- [WHAT TO PRODUCE]:
Leaving the images aside, transcribe all the data below exactly.

- [DATA EXCERPT]:
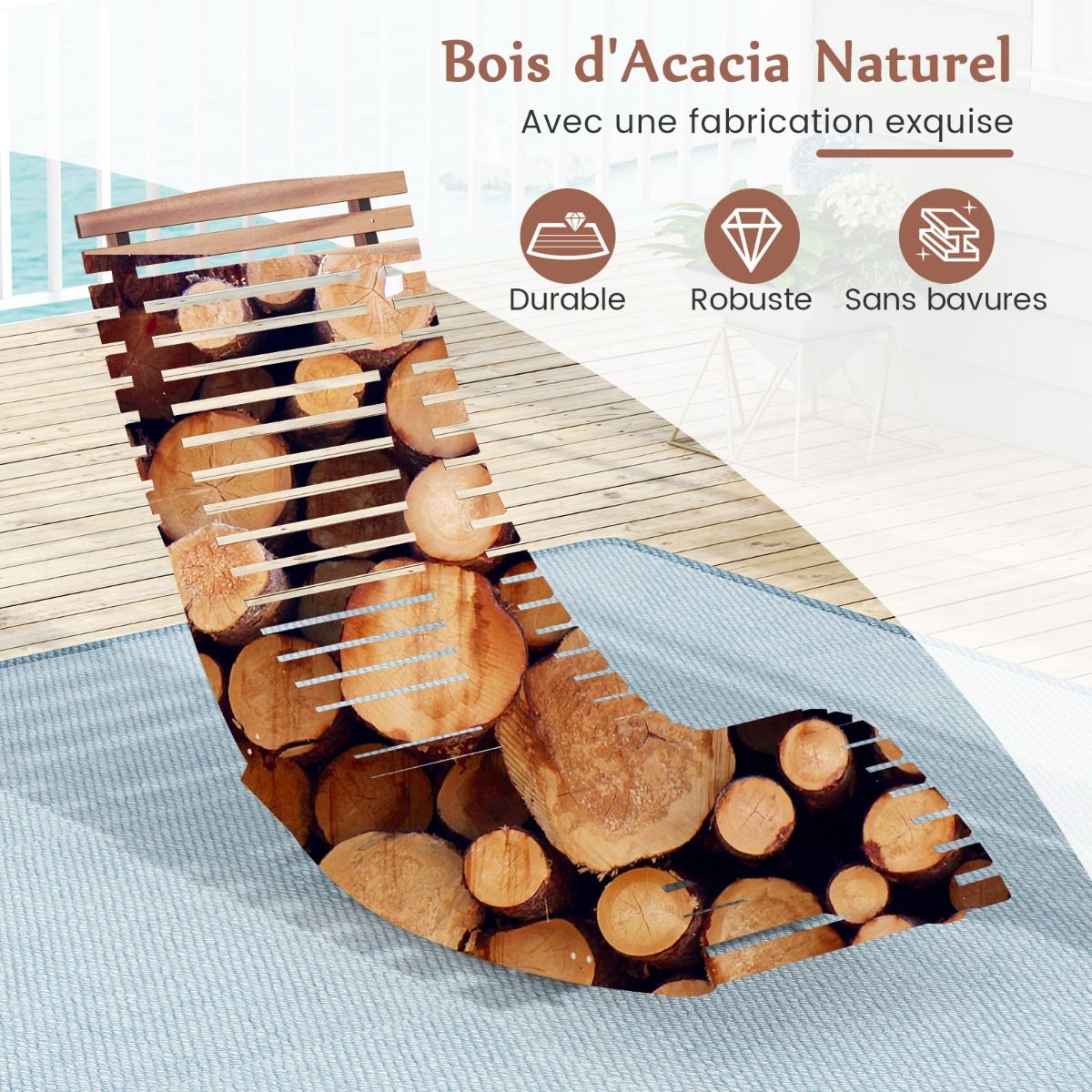 Lot de 2 Chaises Longue à Bascule en Bois d'Acacia Conception à Lattes Butées de Fond Charge Max 160KG Transat Ergonomique Naturel - Lidl-Manfred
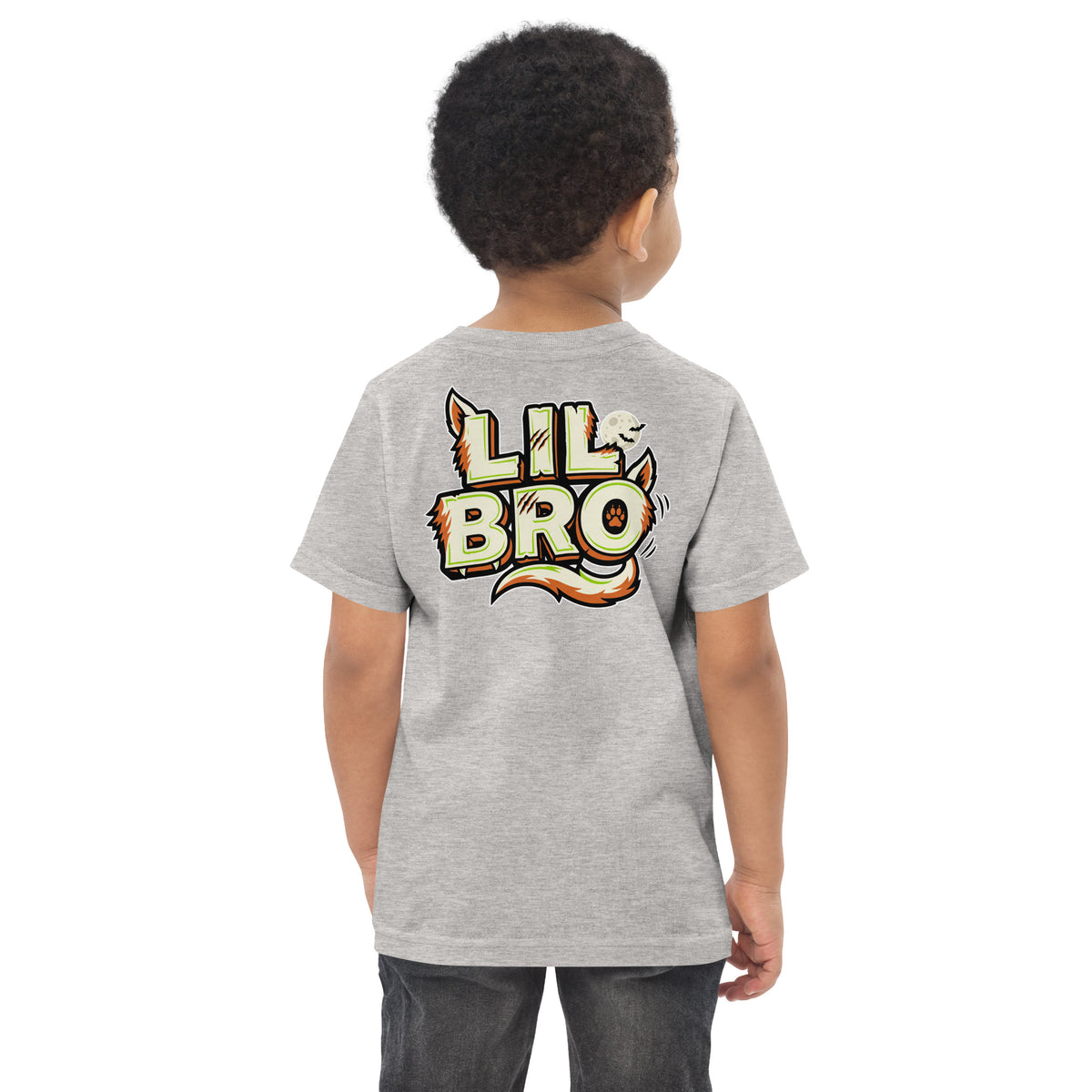 Haunted House Staff Lil Bro “Doorbell Boo Crew” Toddler Jersey T-Shirt with Doorbell Boo Crew front design and matching LIL BRO back graphic for Halloween family outfits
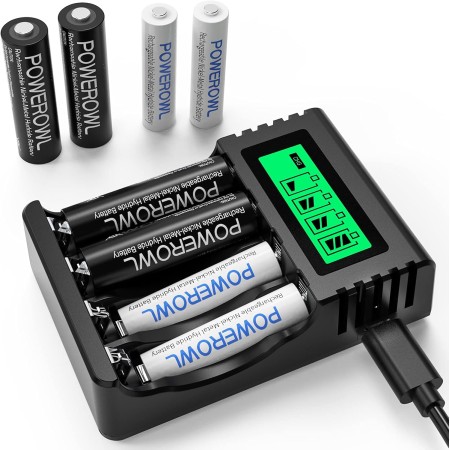 POWEROWL Cargador Rápido de Pilas con 4 Piezas AA 2800mAh Pilas Recargables y 4 Piezas AAA 1000mAh Ni-MH Baterías Recargables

- [FINISHED TASK]:
 Lot de 2 Chaises Longue à Bascule en Bois d'Acacia Conception à Lattes Butées de Fond Charge Max 160KG Transat Ergonomique Naturel - Lidl-Manfred
 Haunted House Staff Lil Bro “Doorbell Boo Crew” Toddler Jersey T-Shirt with Doorbell Boo Crew front design and matching LIL BRO back graphic for Halloween family outfits
 POWEROWL Cargador Rápido de Pilas con 4 Piezas AA 2800mAh Pilas Recargables y 4 Piezas AAA 1000mAh Ni-MH Baterías Recargables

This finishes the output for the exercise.